__What to produce__.
Would you repeat every entry below word for word but drop the images?

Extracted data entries
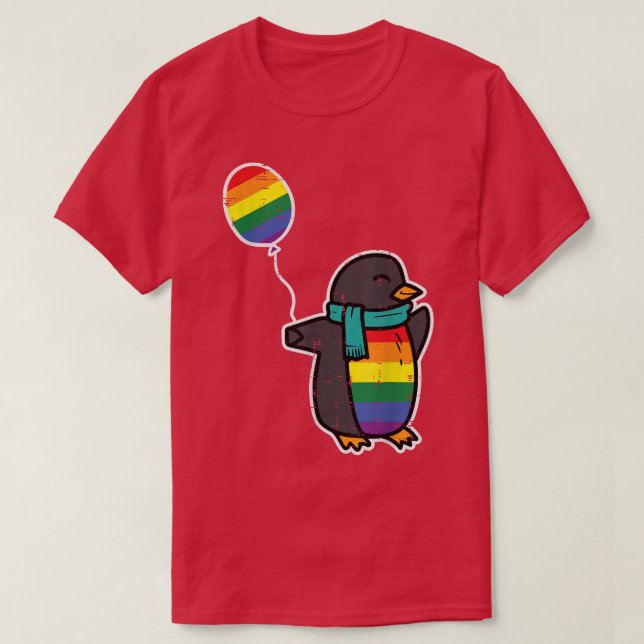 Rainbow Flag Penguin Cute Gay Pride Ally LGBTQ Mon T-Shirt (Design vorne)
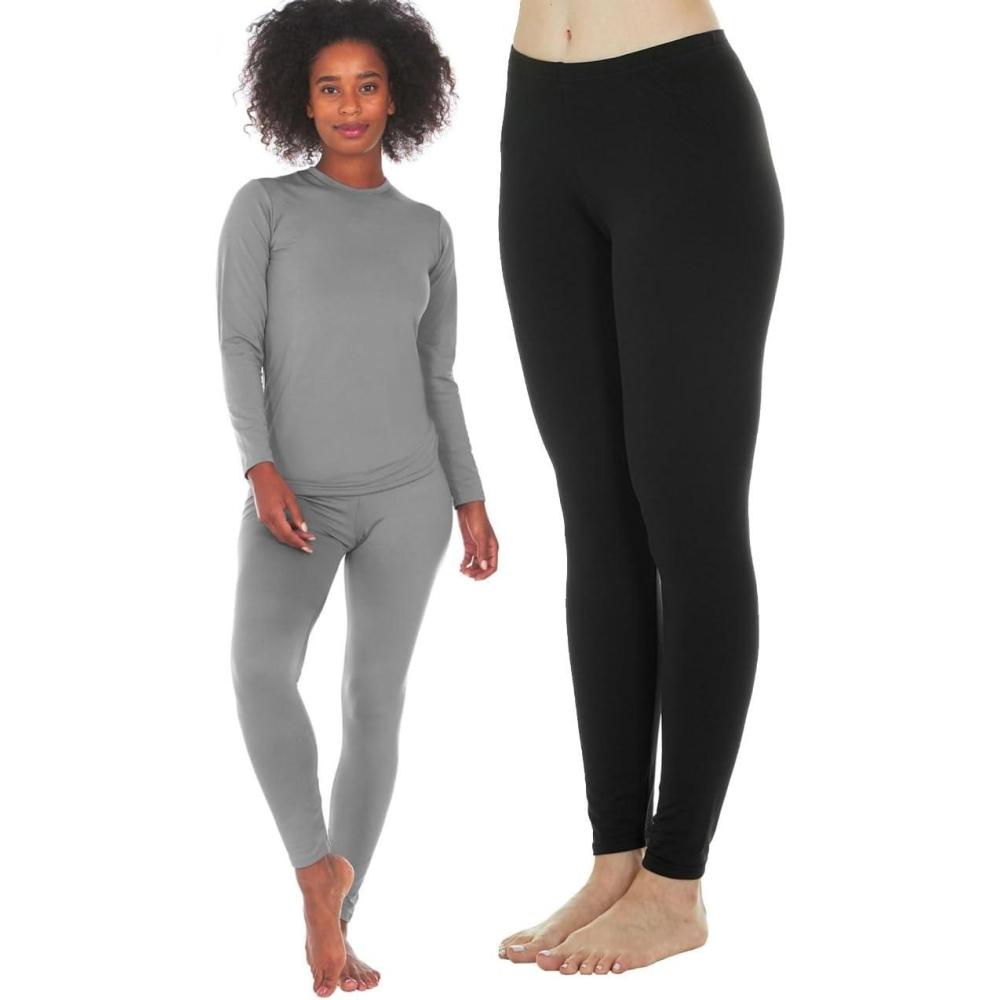 imageThermajane Long Johns Set Bottoms Size XL Grey Set Black Bottoms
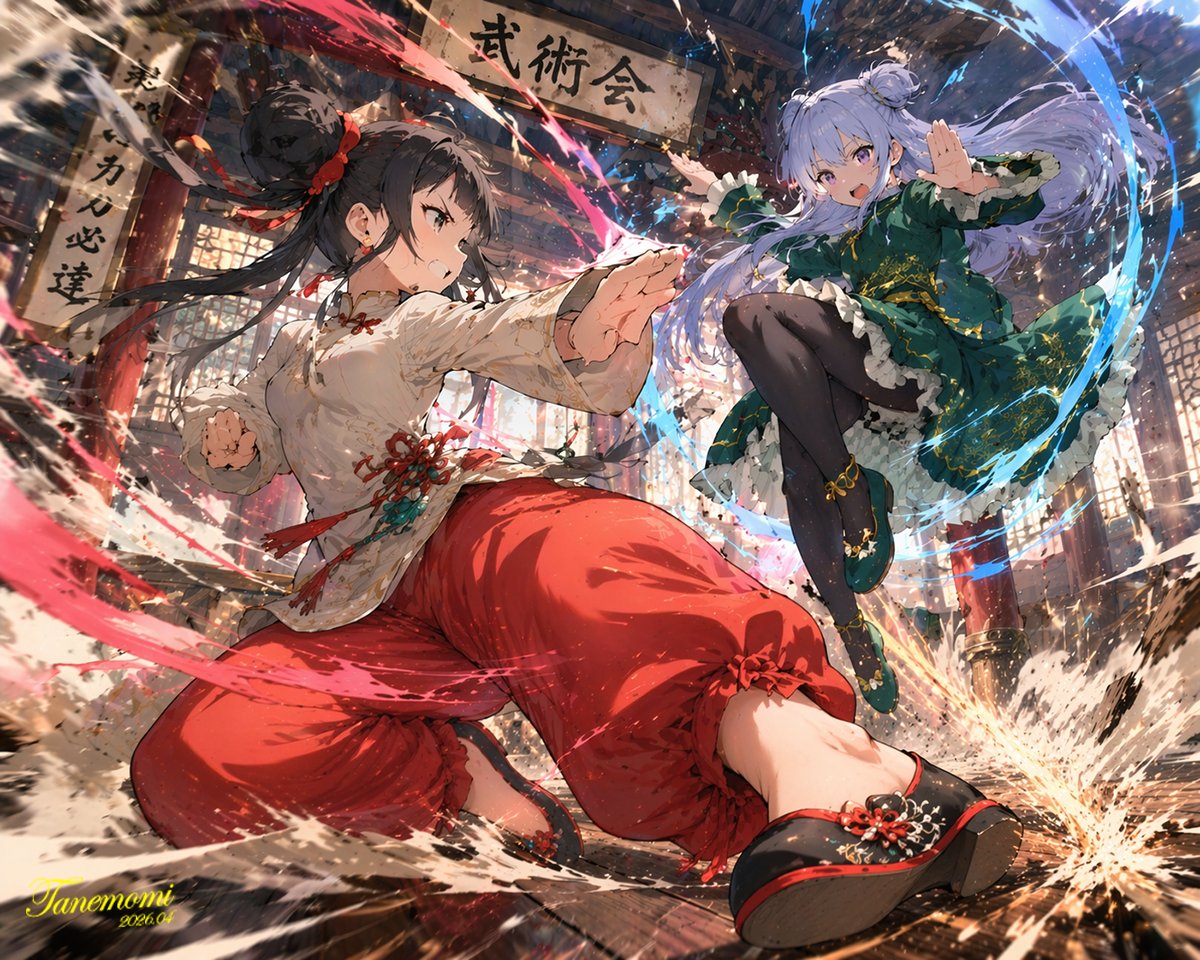 An anime-style illustration of a high-impact martial arts battle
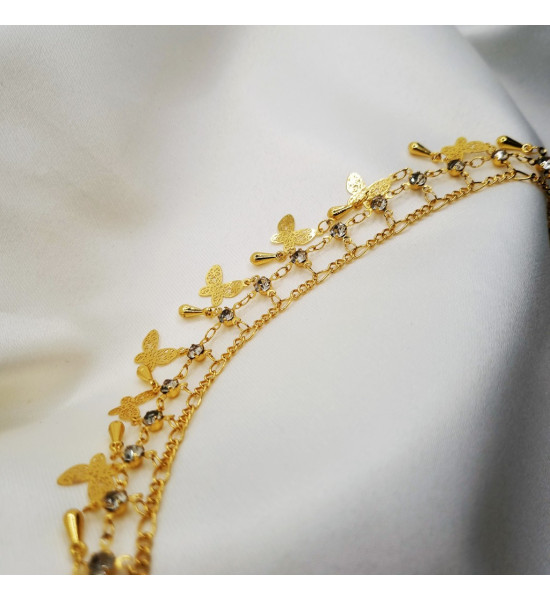 ALC Collection Kelebek Desen Gold Tasarım Zirkon Taşlı Rodyum Halhal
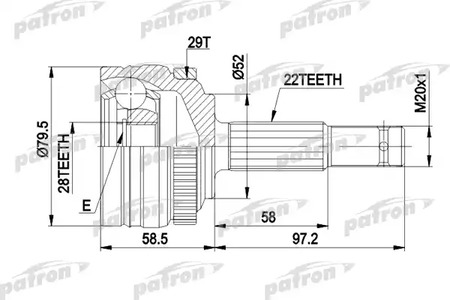 PCV1116 PATRON Шарнирный комплект, приводной вал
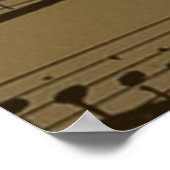 Musical Treble Clef Sheet Music Classic  ポスター (角)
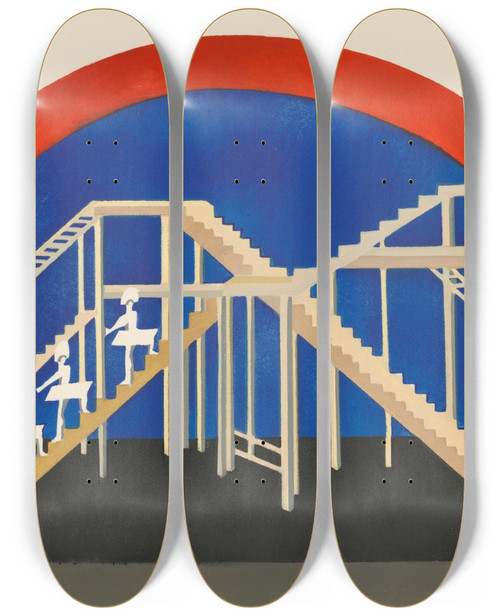 Triptych art skateboard deck of Alexandra Exter Maquettes De Thatre 3 by Alexandra Exter (1882-1949)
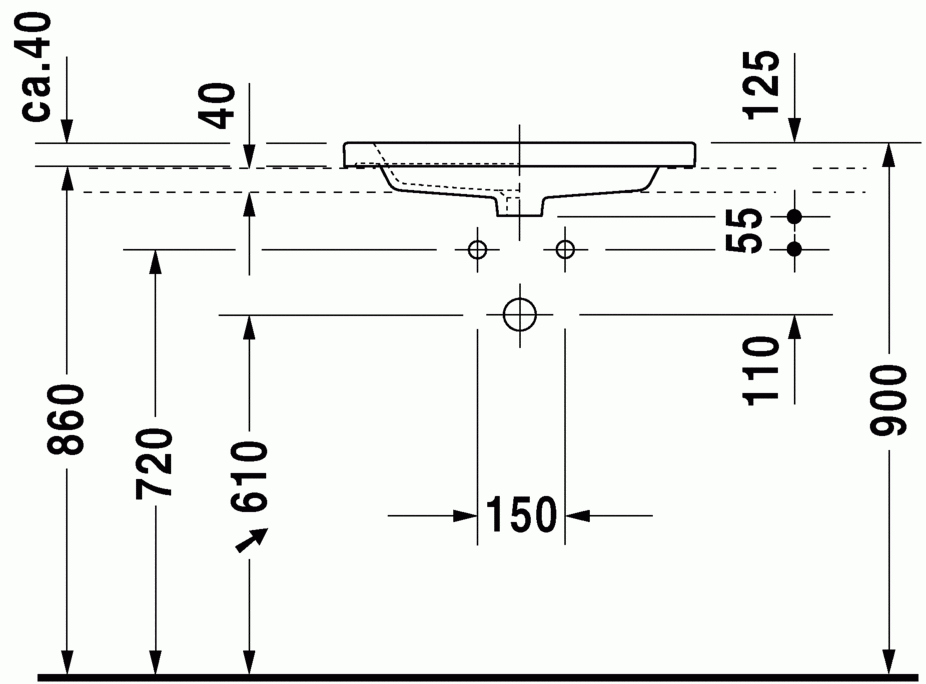 2nd Floor 600 x 430mm Vanity Basin w/ Overflow in White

__Expected answer__.
 Rainbow Flag Penguin Cute Gay Pride Ally LGBTQ Mon T-Shirt (Design vorne)
 imageThermajane Long Johns Set Bottoms Size XL Grey Set Black Bottoms
 An anime-style illustration of a high-impact martial arts battle
 ALC Collection Kelebek Desen Gold Tasarım Zirkon Taşlı Rodyum Halhal
 PCV1116 PATRON Шарнирный комплект, приводной вал
 Musical Treble Clef Sheet Music Classic  ポスター (角)
 Triptych art skateboard deck of Alexandra Exter Maquettes De Thatre 3 by Alexandra Exter (1882-1949)
 2nd Floor 600 x 430mm Vanity Basin w/ Overflow in White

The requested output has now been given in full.